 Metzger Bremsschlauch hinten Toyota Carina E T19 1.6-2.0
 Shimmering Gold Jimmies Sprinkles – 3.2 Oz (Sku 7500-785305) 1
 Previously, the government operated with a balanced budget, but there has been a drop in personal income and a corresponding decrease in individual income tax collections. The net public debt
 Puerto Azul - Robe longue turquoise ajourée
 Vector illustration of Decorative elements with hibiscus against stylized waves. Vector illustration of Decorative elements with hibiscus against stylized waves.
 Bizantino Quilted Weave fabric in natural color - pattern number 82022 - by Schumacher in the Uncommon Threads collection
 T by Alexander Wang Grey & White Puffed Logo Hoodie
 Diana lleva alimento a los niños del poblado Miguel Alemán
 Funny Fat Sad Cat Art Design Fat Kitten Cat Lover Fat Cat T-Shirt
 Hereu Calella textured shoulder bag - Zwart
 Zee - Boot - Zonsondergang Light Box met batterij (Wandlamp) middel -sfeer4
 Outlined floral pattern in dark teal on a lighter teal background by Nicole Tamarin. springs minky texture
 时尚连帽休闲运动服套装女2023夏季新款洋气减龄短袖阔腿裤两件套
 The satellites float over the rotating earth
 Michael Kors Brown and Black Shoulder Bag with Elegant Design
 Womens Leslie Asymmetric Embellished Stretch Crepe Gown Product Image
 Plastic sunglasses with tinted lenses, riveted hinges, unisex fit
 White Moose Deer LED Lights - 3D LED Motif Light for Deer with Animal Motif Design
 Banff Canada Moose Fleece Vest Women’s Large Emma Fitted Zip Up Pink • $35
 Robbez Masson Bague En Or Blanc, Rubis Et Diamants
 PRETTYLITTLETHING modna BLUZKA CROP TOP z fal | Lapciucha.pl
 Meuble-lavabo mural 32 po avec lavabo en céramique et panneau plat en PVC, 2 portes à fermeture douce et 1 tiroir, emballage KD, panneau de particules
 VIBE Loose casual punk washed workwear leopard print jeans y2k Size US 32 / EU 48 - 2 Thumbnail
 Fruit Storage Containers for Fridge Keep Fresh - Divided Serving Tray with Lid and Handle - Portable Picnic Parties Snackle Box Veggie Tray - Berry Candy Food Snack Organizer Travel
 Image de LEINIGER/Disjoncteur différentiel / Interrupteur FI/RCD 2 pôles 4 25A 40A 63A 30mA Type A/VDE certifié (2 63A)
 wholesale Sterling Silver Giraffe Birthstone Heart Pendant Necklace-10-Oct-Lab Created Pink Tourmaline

* * * * * * *

Among the records above, extract exactly the lines from the line with "Zee - Boot - Zonsondergang" to the line with "Banff Canada Moose", both lines included, and leave out the rest.

- _Task result_
 Zee - Boot - Zonsondergang Light Box met batterij (Wandlamp) middel -sfeer4
 Outlined floral pattern in dark teal on a lighter teal background by Nicole Tamarin. springs minky texture
 时尚连帽休闲运动服套装女2023夏季新款洋气减龄短袖阔腿裤两件套
 The satellites float over the rotating earth
 Michael Kors Brown and Black Shoulder Bag with Elegant Design
 Womens Leslie Asymmetric Embellished Stretch Crepe Gown Product Image
 Plastic sunglasses with tinted lenses, riveted hinges, unisex fit
 White Moose Deer LED Lights - 3D LED Motif Light for Deer with Animal Motif Design
 Banff Canada Moose Fleece Vest Women’s Large Emma Fitted Zip Up Pink • $35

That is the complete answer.